Sunday, June 21, 2020

THE PUERTO RICAN CHILD IN THE URBAN SETTING: NOTES ON A COURSE AT CCNY

“Los niños hablan cuando las gallinas mean” (refrán muy popular en Puerto Rico, hasta principios de los sesenta) 

“I am ‘My Majesty Piri Thomas,’ with a high on anything like a stoned king. … I’m a skinny, dark-face, curly-haired, intense Porty-Ree-can—Unsatisfied, hoping, and always reaching.” (Piri Thomas, Down These Mean Streets, 1967”

When Victor Pellot was approached by a waitress in a small restaurant in Little Rock, Arkansas, and was told succinctly that they “did not serve Negroes,” he calmly answered “That’s okay. I don’t eat Negroes. I want rice and beans.” (Arcadio Díaz Quiñones, El Arte de Bregar, 2000). According to Díaz Quiñones, that “casual” interchange between a Black Puerto Rican professional baseball player and a white American waitress in the middle of the 20th century stands as a symbol of Puerto Ricans’ historical struggle with American racism. Often using humor against the racialized society, during his famed baseball career in the States, Pellot exploited a miscomprehension of American racial norms. He once said that when he went to the USA he knew his skin was black, but it was in the States that he found out he was a Negro. 

"Deja que el flow fluya." (Bad Bunny)

After watching a movie about the Puerto Rican upper crust, a  CCNY student, María, made a statement about the actors not looking Puerto Rican. The movie presented the issues faced by older, middle/upper middle class Puerto Ricans. They are shown spending weekends in their island countryside homes, in the mountainous region, busy during workweeks, living in apartments in San Juan, talking about vacationing in Europe once a year. These folks are usually called “blanquitos” by the island’s proletariat and sub-proletariat classes. “Blanquitos” are part of the larger Puerto Rican social fabric, with enough of them to make a significant mass. (For a broader discussion, please read the extensive body of literature on the subject.)

The students that majored in Bilingual Education, 1973-1977, were quite different from the type of student that applied and were admitted later on into the School of Education. Like most of the students during the early seventies, María was a Puerto Rican, born and raised in the Bronx, who had never been to Puerto Rico. By becoming aware of the complex social economic and political arena in Puerto Rico, her conceptualization of what is a Puerto Rican was shaken. Suddenly there was a group that, as a sort of coherent set, did not match the mental structures that gave form to her Puerto Rican narrative. 

While María was beginning to understand the history and politics of the education she received, as well as her parents’ in Puerto Rico, Luis was more concerned with the class and colonization issues shown in the film, than with a particular stereotype of what a Puerto Rican is or should look like. Luis was born and raised in the multi-ethnic, rather politically notorious and leftist inclined Lower East Side of Manhattan, shaping his views on the world, and what it meant to be “a colonial” in the metropolis (this theme had been explored also by Puerto Ricans who had lived in NYC and Barcelona during the early 20th Century and late 1800’s, beginning with El Gíbaro by Manuel Alonso). 

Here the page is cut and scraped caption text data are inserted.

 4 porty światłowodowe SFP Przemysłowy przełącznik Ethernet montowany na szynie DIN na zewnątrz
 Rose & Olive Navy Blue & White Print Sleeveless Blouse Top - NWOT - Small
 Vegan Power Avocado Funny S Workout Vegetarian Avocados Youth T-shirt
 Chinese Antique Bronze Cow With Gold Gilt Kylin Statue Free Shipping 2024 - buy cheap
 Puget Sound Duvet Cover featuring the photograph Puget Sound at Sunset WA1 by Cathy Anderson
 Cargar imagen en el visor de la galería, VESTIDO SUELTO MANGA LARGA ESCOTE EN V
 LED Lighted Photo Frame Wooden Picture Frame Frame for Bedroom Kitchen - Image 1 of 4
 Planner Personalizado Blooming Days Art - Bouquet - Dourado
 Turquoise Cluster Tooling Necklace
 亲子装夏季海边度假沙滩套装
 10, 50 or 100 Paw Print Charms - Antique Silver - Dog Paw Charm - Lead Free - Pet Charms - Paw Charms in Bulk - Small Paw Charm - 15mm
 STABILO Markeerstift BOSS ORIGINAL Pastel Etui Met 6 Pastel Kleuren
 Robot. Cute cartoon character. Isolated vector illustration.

Luis’ activism during his high school years, the influences of the surrounding dynamic Loisaida community, and the yearly family trips to Puerto Rico prepared him for an understanding of the education of Puerto Ricans that transcended the mostly racist, patronizing views that stemmed from “traditional disciplines and academic standards”, set-up by the state professional voices and authorities, mandated to be covered in educational courses. He once shared in class the eye-opener that he experienced in Puerto Rico when he first saw a poster classifying foods where, instead of North American produce, there were “plátanos, yautías, ñames. mafafos. lechuga criolla, gandules, chayotes, etc. replacing the apples, iceberg lettuce, etc., that he was exposed to in the NYC schools. He realized that the island’s was not a poor diet or culture, as he was told in school, but a different one, seeing for himself for the first time, Puerto Rican doctors, lawyers, police, firemen, and well-kept, rich in culture and diversity, island towns and villages. 

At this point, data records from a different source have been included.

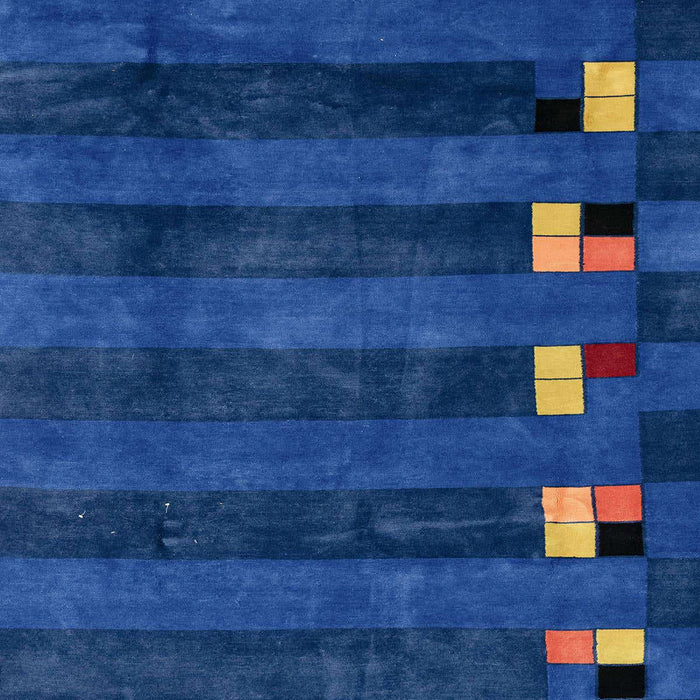 Machine Washable Abstract Blueberry Blue Rug, wshabs3004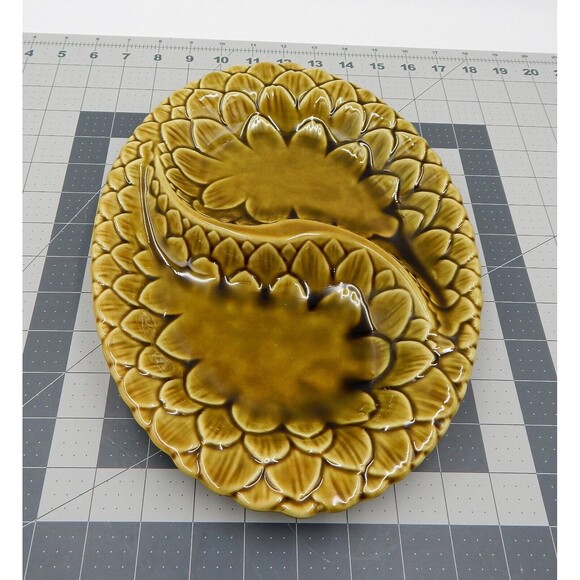 Belmar Of California Artichoke Oval Divided Serving Platter Green Glaze USA 553 - Picture 2 of 8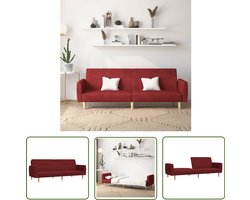 vidaXL 2 Persoons Bed - Slaapbank - Ligbed 2-zits stof wijnrood - Lounge Sofa - Stoffen Bank - Rode Bank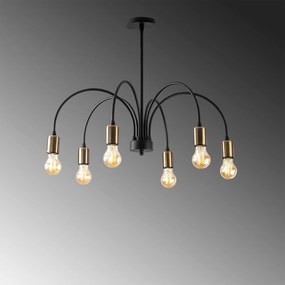 Candeeiro de Teto Sorek – Preto – 68 x 68 cm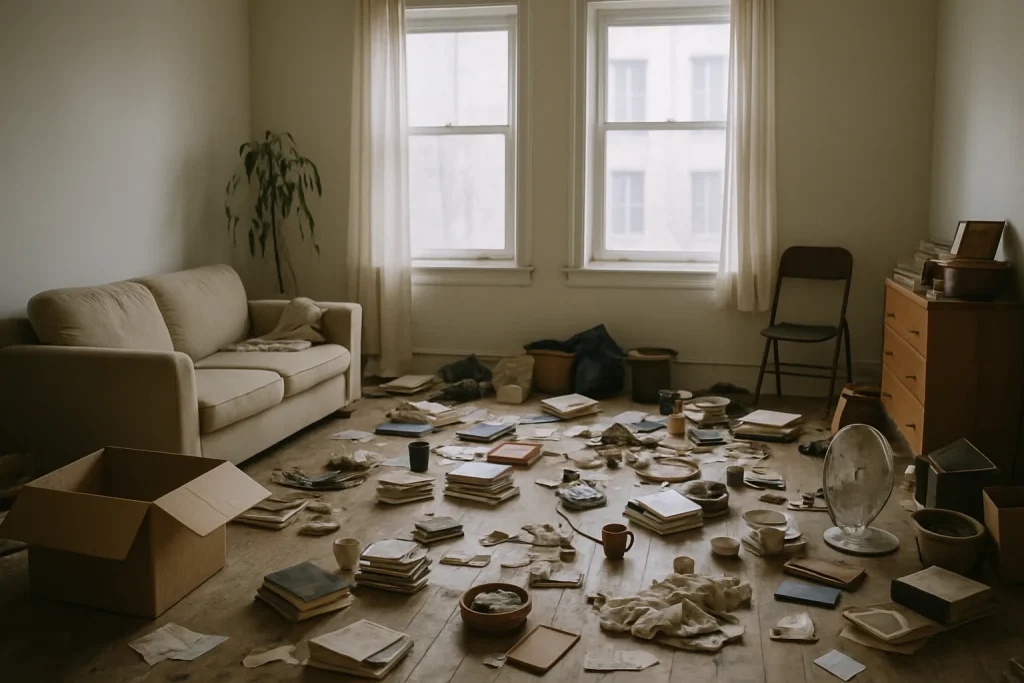Intérieur encombré d'un appartement Diogène avec lumière douce à Cosne-Cours-sur-Loire
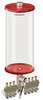 Red Color Key, Clear View Multiple Feed Electro Lubricator, 1 gal Acrylic Reservoir, 7 Feeds, 1/8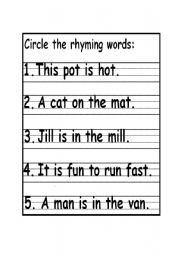 English worksheet: Circle rhyming words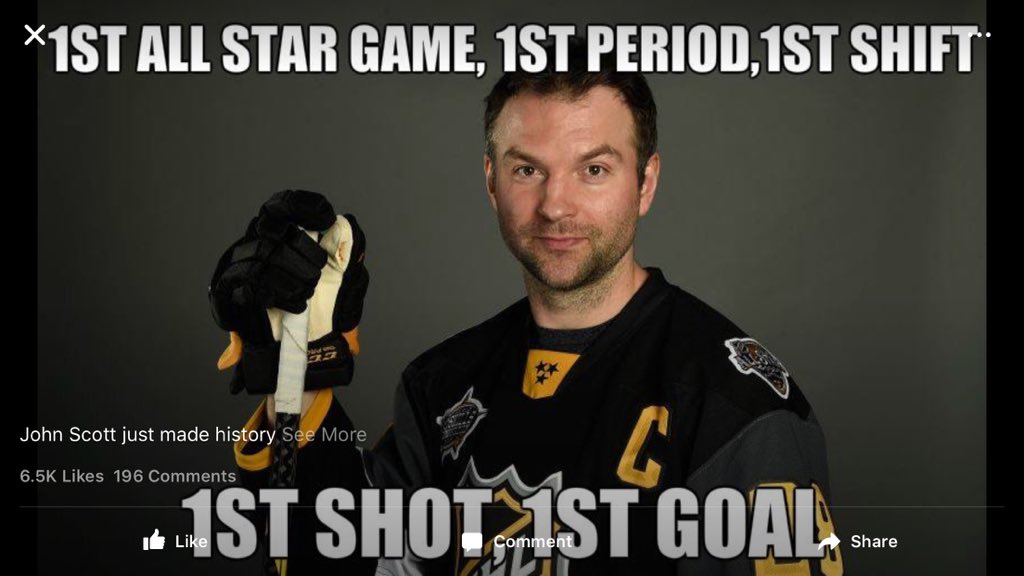 djaysoundwave's tweet photo. #NHLAllStar way to go John Scott. You show them https://t.co/i1SOdEr080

Luis was not the only student who was also an activist, or who were working in community educational or artistic endeavors. During the early years of the Bilingual Education Program at CCNY, quite a few other students were or had been members of well known leftist and community based organizations: The Young Lords, El Comité, PSP, Los Atrevidos, Los Sures, artists collectives, the very “loose” Newyoricans poets, and related artistic, political and social activism groups (some of these artists were political entities in themselves), Pregones Theater, Teatro Pobre de América, Teatro de Orilla, La Tea. At least, two of those students were imprisoned, accused of assisting underground Puerto Rican political pro-independence organizations. 

My own personal and work experiences with some of the art and theater groups, where I had been active since the late sixties, helped me shape the approaches to the course. There was also an extremely important addition to the teaching approaches: the old Workshop Center and Lillian Weber’s support and suggestions. Sadly enough, not only did the course disappear, so did the Center.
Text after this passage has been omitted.